Disease prediction is one of the central problems in biostatistical research. Some biomarkers are not only helpful in diagnosing and screening diseases but also associated with the severity of the diseases. It should be helpful to construct a prediction model that can estimate severity at the diagnosis or screening stage from perspectives such as treatment prioritization. We focus on solving the combined tasks of screening and severity prediction, considering a combined response variable such as \{healthy, mild, intermediate, severe\}. This type of response variable is ordinal, but since the two tasks do not necessarily share the same statistical structure, the conventional cumulative logit model (CLM) may not be suitable. To handle the composite ordinal response, we propose the Multi-task Cumulative Logit Model (MtCLM) with structural sparse regularization. This model is sufficiently flexible that can fit the different structures of the two tasks and capture their shared structure of them. In addition, MtCLM is valid as a stochastic model in the entire predictor space, unlike another conventional and flexible model, the non-parallel cumulative logit model (NPCLM). We conduct simulation experiments and real data analysis to illustrate the prediction performance and interpretability.
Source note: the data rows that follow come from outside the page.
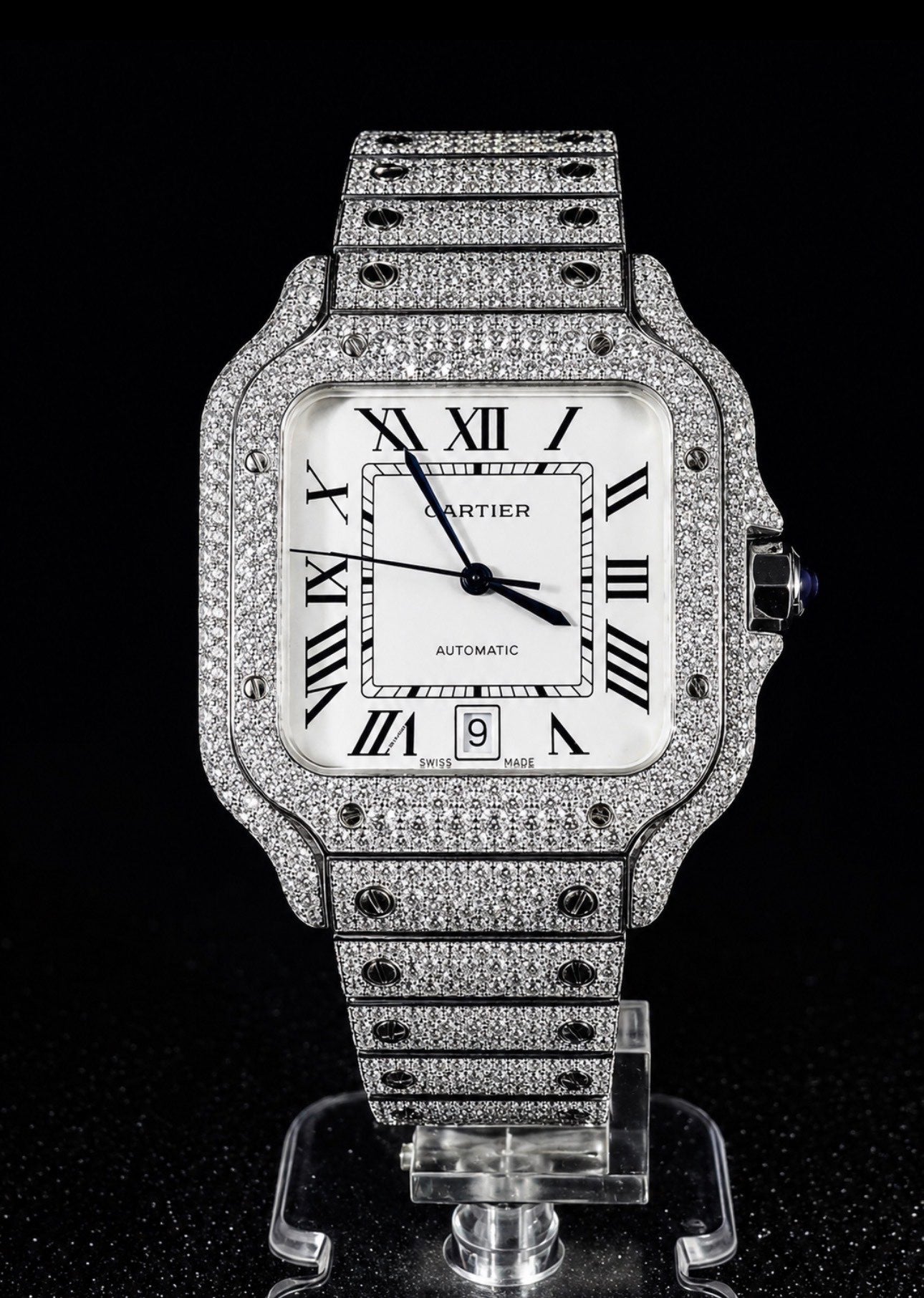 Santos — Iced Out / White Dial / Full Steel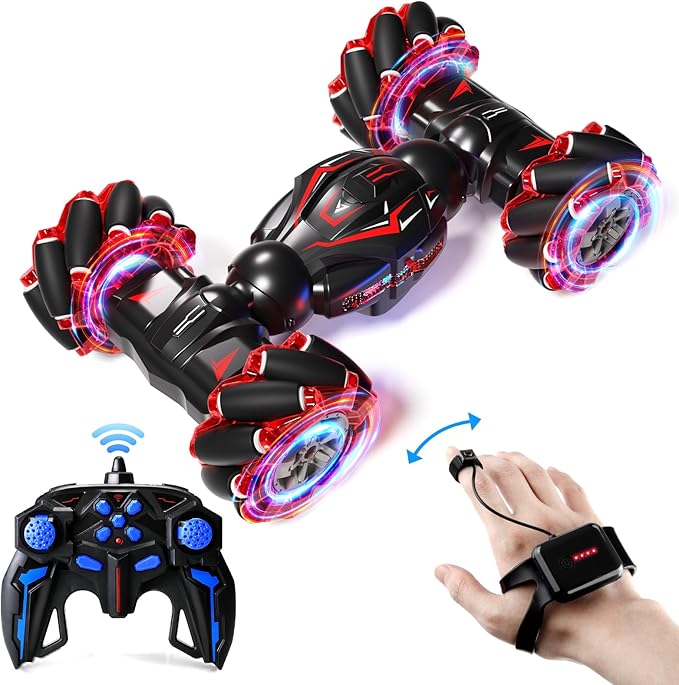 Deejoy 1:12 Red RC Stunt Car, 2.4GHz 4WD Remote Control Gesture Sensor Toy, Double Sided Rotating Off Road Vehicle 360° Flips with Lights Music, Cars for Boys & Girls Birthday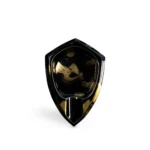 Shield-shaped black-gold ceramic cigar ashtray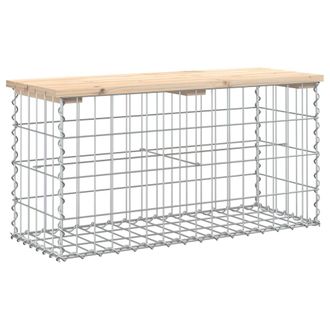 vidaXL Vidaxl - Banco De Jard&iacute;n Dise&ntilde;o Gaviones Madera Maciza Pino 83x31,5x42cm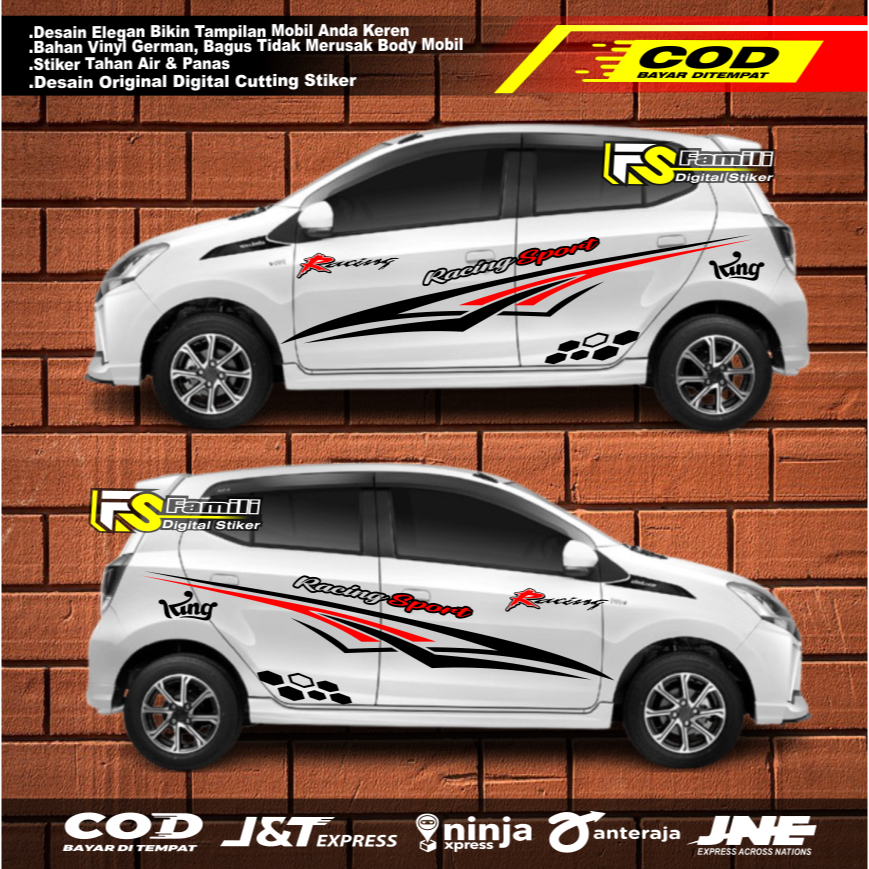 2pcs kanan kiri  Sticker stiker mobil ayla striping sticker mobil daihatsu ayla custom text
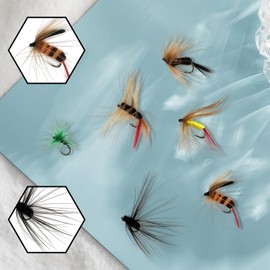 MEISH 12 Pcs Mixed Wet Trout Flies Fly Fishing Lures Kit Hand Tied Dry Selection Fly Assortment Nymphs Streamers for River Bass Sunfish
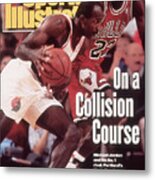 Chicago Bulls Michael Jordan And Portland Trail Blazers Sports Illustrated Cover Metal Print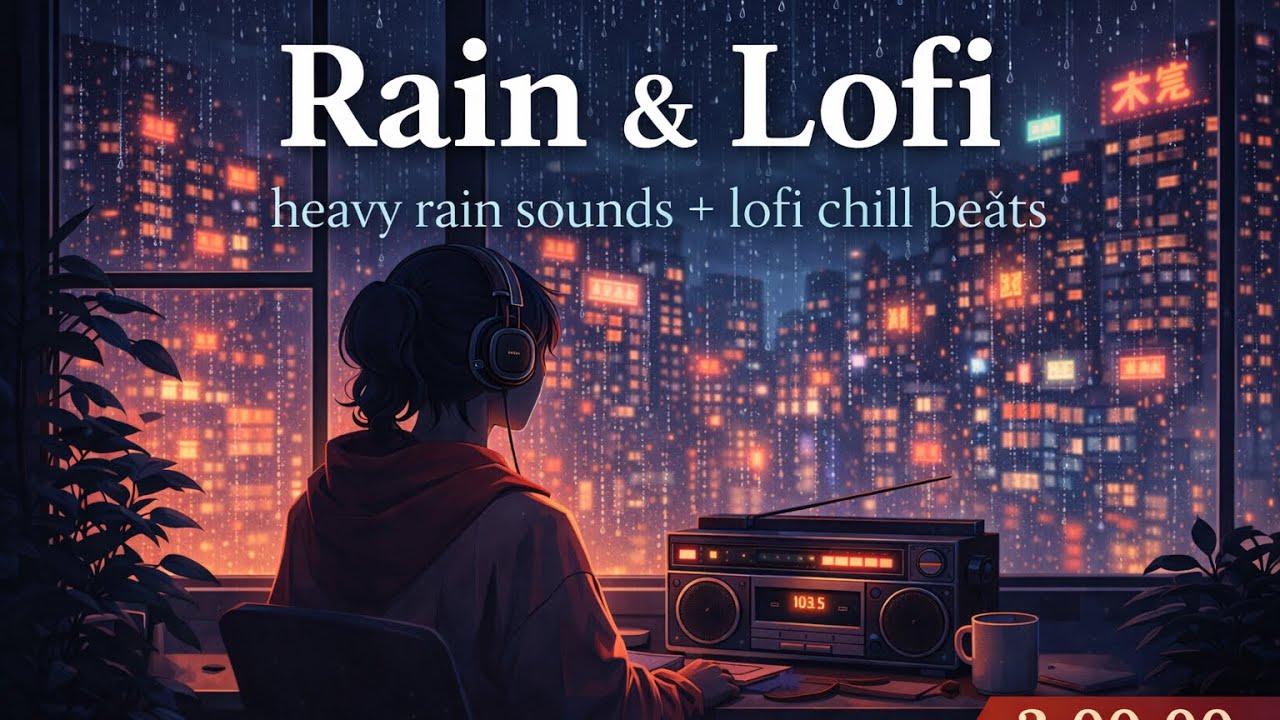 Rain & Lofi Radio – 夜の雨音と落ち着くLofi | 3 Hours Relaxing Mix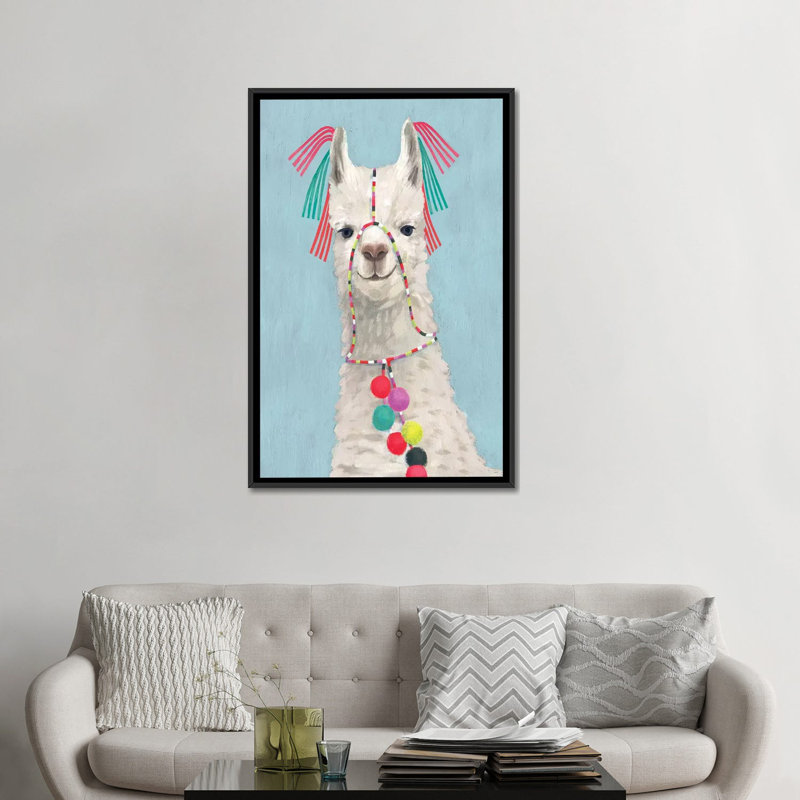 Adama lama II - impression sur toile tendue, H 26 po x l 18 po x P 1,5 po, Toile avec cadre noir, Pas de tapis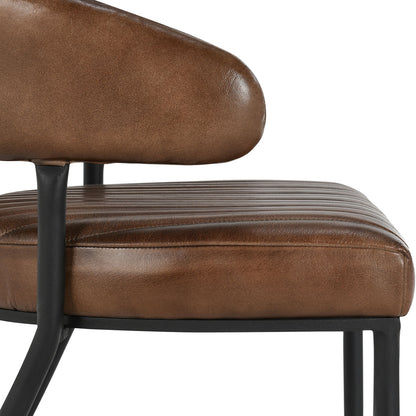 Umbria Leather Dining Chair- Brown - Chapin Furniture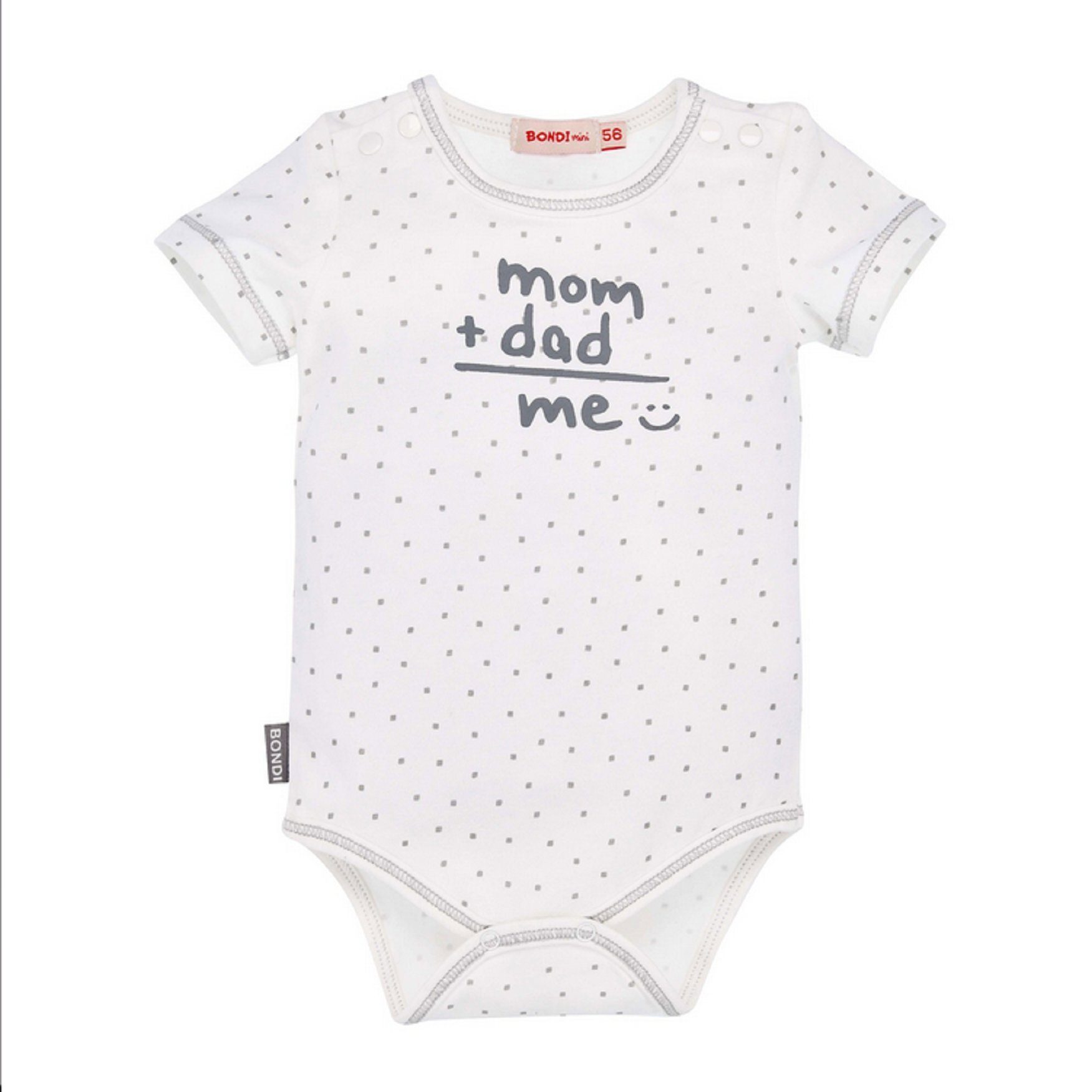 BONDI Kurzarmbody Baby Body "Mom+Dad=Me", weiss grau 93672, gepunktet, Body mit Spruch mit lustigen Print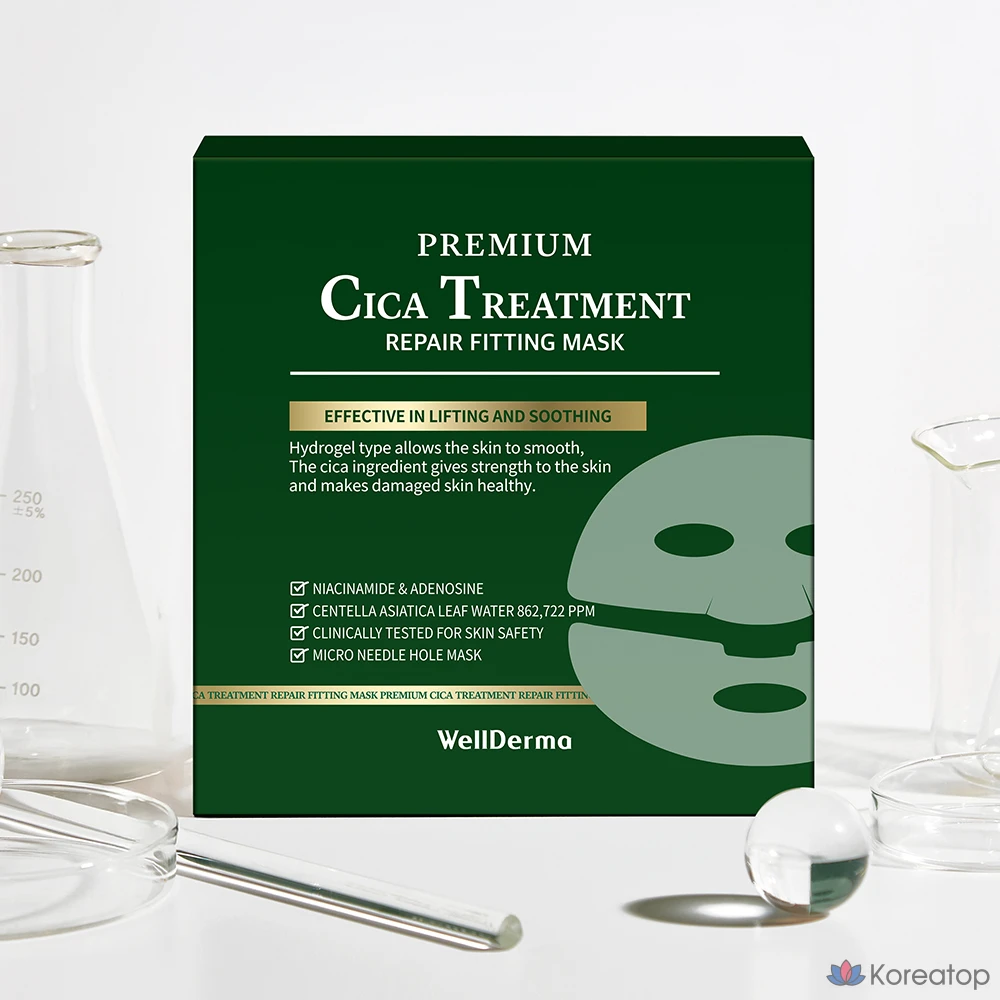 Маска для восстановления и ухода за кожей WellDerma Premium Cica Treatment Repair Fitting Mask, 25 г, 7 шт., 1 упаковка, фото 3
翻译：疾病预测是生物统计研究的核心问题之一。部分生物标志物不仅有助于疾病的诊断与筛查，还与疾病严重程度相关。从治疗优先级等角度出发，构建能够在诊断或筛查阶段同时评估严重程度的预测模型具有重要价值。本研究聚焦于解决筛查与严重程度预测的联合任务，考虑诸如{健康、轻度、中度、重度}的复合响应变量。此类响应变量具有有序属性，但由于两项任务未必共享相同的统计结构，传统累积对数比模型可能不再适用。为处理复合有序响应，我们提出了具有结构稀疏正则化的多任务累积对数比模型（MtCLM）。该模型具备足够灵活性，既能拟合两项任务的不同结构，又能捕捉其共享结构。此外，与另一种传统灵活模型——非平行累积对数比模型相比，MtCLM在整个预测变量空间中均保持随机模型的有效性。我们通过仿真实验和实际数据分析来展示其预测性能与可解释性。